The clean water reservoir, the old filters, and the pumping station adjacent from the west to the reservoir, are part of the “Na Grobli” water supply system. The reservoir cross section has a rectangular shape measuring approx. 72.8 x 63.9 meters. It is covered with a green roof, with air vent stacks which primarily served to reduce the air pressure within the reservoir.
The western and eastern elevations are in the historicist Neo-Gothic style with towers steeples, fortified towers, turrets and gates. The northern elevation includes twelve semicircular arcades, while the southern elevation formed an earthen slope dropping from the roof level. The façades are built of ceramic face bricks with details underlined by glazed bricks and shaped ceramics.
The interior of the reservoir consists of four chambers which, for the purpose of the new function, are connected via openings made in the walls allowing to pass from one section to the other. Each chamber is covered with a three-bay reinforced concrete arched structure resting on the walls separating them and two rows of pillars.
An annexe building was constructed on the southern side of the entrance zone creating a new façade which matches the Water Tower situated nearby.
The predominant material used in the new part of the building is classic copper which due to the process of oxidation darkens in a natural way, harmonising well with the brick – the main material of the reservoir and Water Tower.
The body of the building consists of an entrance with an adjacent ramp leading to the roof and the technical wing. The stairs leading to the roof of the reservoir are located in the green space in between. The whole is crowned with a copper roof.
The building façades were covered with horizontal copper plate panels. Sliding perforated panels were used for covering the glazing at the entrance point, whereas the fixed panels mounted on both sides of the façade together with the roofing are the framework for the water printer measuring 46.5 meters in length. The water falling from the printer creates pre-programmed patterns and captions – a prelude to the theme of the exhibition and the main primary accent of the entrance elevation.
Thus created water curtain fills the front elevation. It constitutes its integral part. It opens up in front of the passing visitors allowing for interaction and first contact with water.
The water printer is made up of twelve modules concealed beneath the copper lining of the elevation, connected with the technical section of the building. Each module has a set of controlled solenoid valves and nozzles responsible for the effects created by the printer. The water in the printer circulates in a closed system.
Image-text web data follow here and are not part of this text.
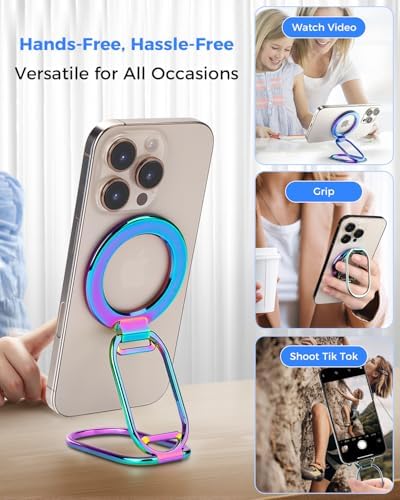 2025 SUPERONE Mag Safe Phone Ring Holder – Versatile Adjustable Magnetic Kickstand & Detachable Grip for i Phone 12-16 Series – Vibrant Purple for Enhanced Wireless Charging & Effortless Hands-Free Functionality – Transform Your Smartphone Use with Style and Practicality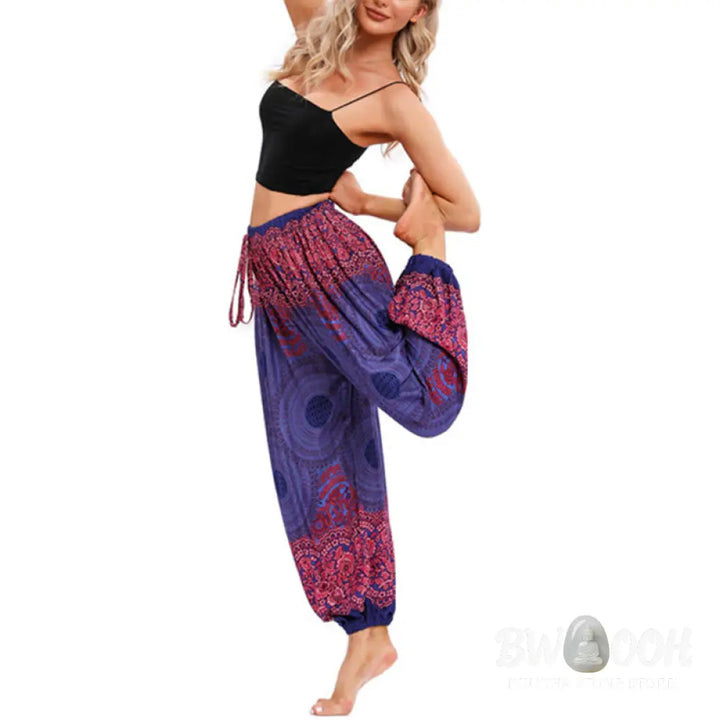 BWOOOH printed harem pants - Loose Circle-shaped Flowers Pattern Hare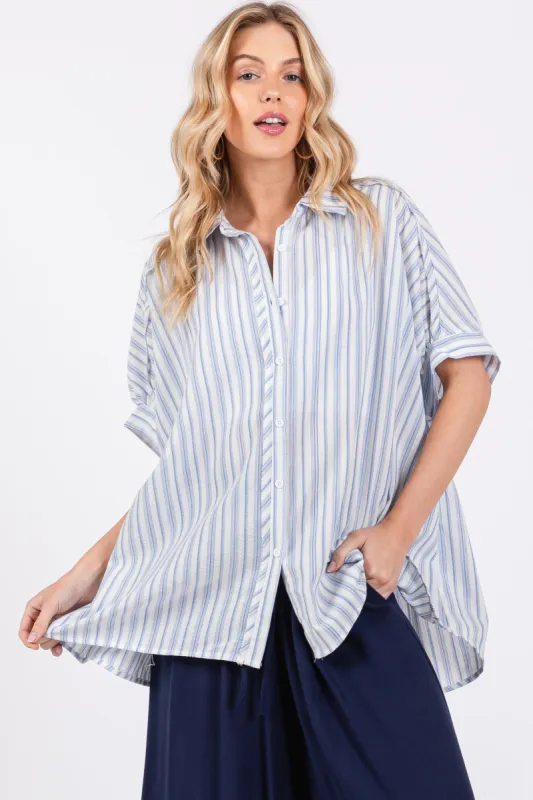 Blue Striped Button Up Collared Short Sleeve Top sold by Pinkblush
Copper is also the finishing touch of the entrance hall; it illuminates the interior and harmonises with the matt surfaces of black metal sheets, slabs of concrete and reinforced concrete. The sunlight penetrates through irregular holes in the perforated panels, fills the space and creates a unique interplay of light and reflections. Pre-oxidised vertical panels of copper sheet are used here.
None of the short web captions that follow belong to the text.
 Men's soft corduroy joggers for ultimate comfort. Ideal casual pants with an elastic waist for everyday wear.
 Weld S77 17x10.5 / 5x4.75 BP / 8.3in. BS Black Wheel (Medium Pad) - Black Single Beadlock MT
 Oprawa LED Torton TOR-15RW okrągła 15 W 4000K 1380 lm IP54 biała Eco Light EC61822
The main accent within this space is a vortex captured within a closed transparent cylinder measuring 2.8 m in height and 1.6 m in diameter. It is located centrally between the staircases on level -1.
The decision to use copper from the beginning seemed to be the most appropriate solution. Because of its durability, beauty, and natural variability, the new part of the building covered with copper sheets complements the unique character of the historic reservoir at the same time emphasizing its new architecture. Used inside, it intensifies the perception of space in the hall thanks to its subtle glow and reflections.